● Required work
Starting at the line that contains "Thelonious Monk - Underground", transcribe each line exactly through the end of the data below, and skip any pictures.

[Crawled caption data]
* * *

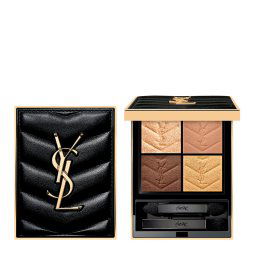 Yves Saint Laurent Sombras dos olhos Couture Mini Clutch Sombra para os olhos 800 OVER DORÉ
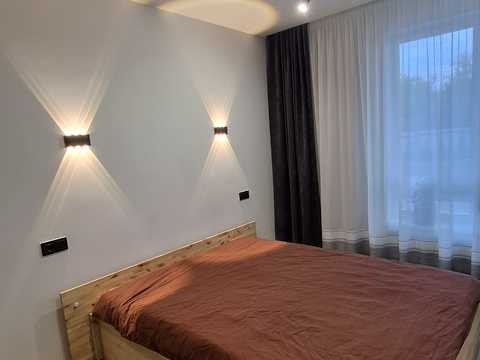 квартира по адресу Роксоланы ул., 30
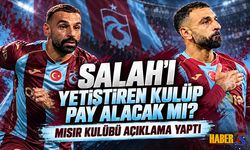 Salah Transferinde El Mokawloon Detayı Netleşti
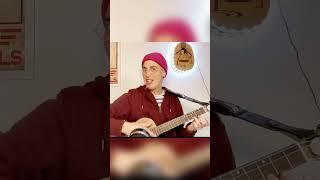 day4 of #100daysuke2023 #HowtoUke #75 Do fingerstyle on your Baritone https://youtu.be/c7ZNoljoWDg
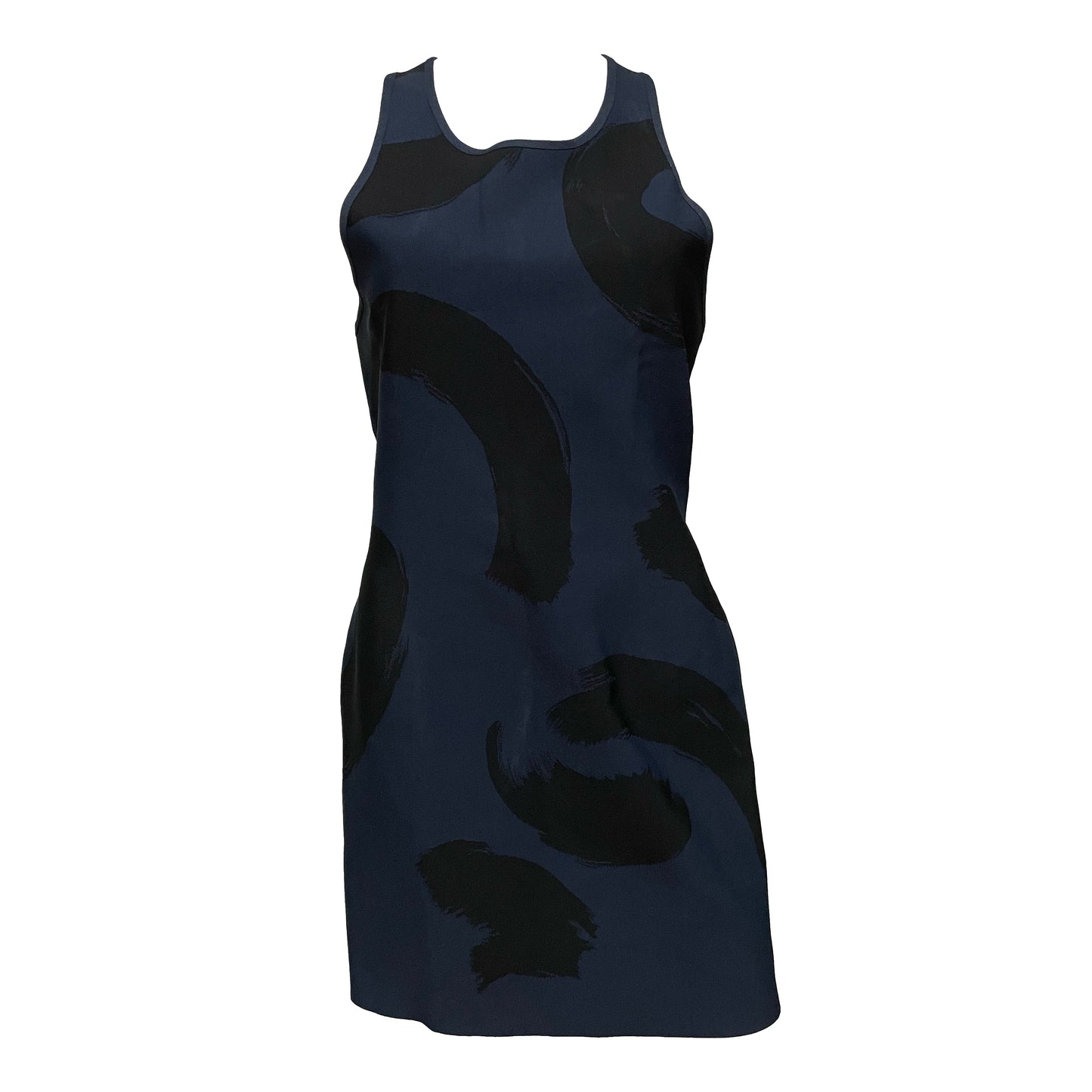 CELINE Spring Summer 2014 Mini Dress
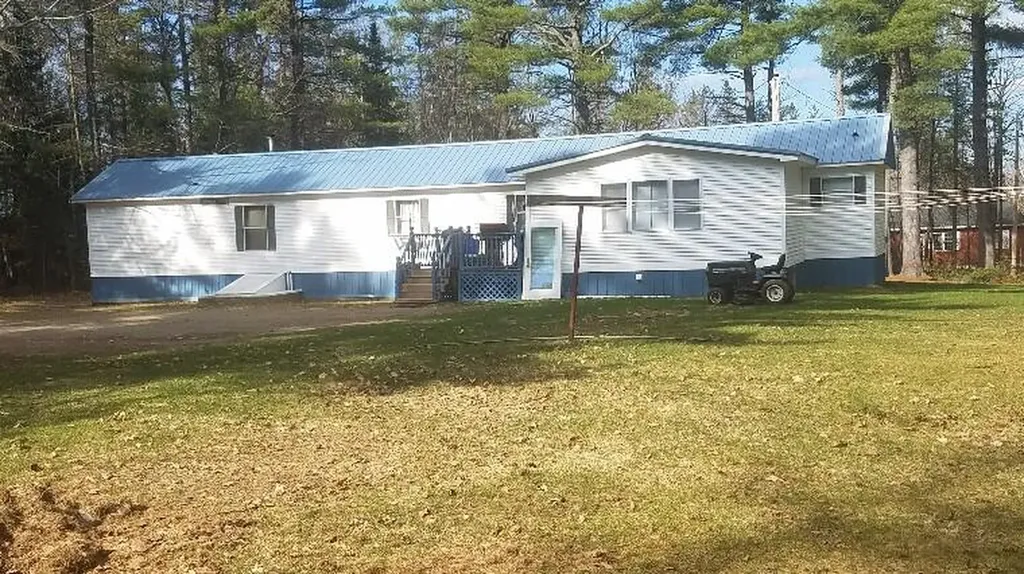 46 Albert Reed Road Orrington ME 04474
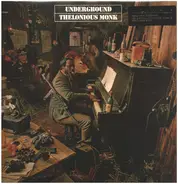 Thelonious Monk - Underground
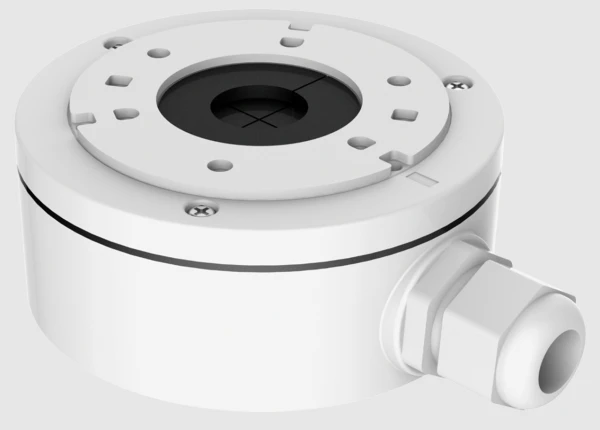 Mercury JB1280ZJ-XS aluminijumska dozna za IP kamere
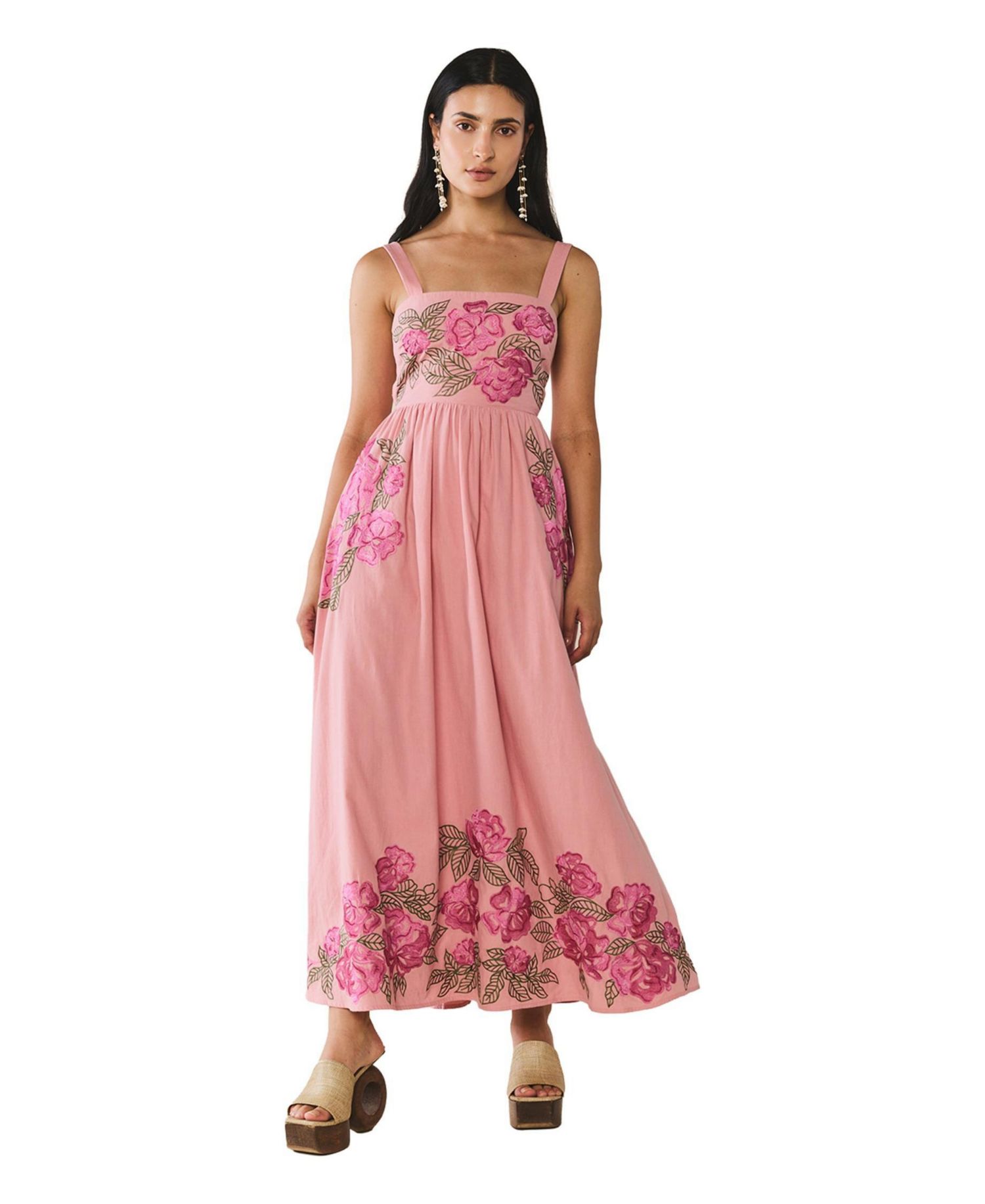 Women's Gavin Dress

* * *

● Answer box
 Thelonious Monk - Underground
 Mercury JB1280ZJ-XS aluminijumska dozna za IP kamere
 Women's Gavin Dress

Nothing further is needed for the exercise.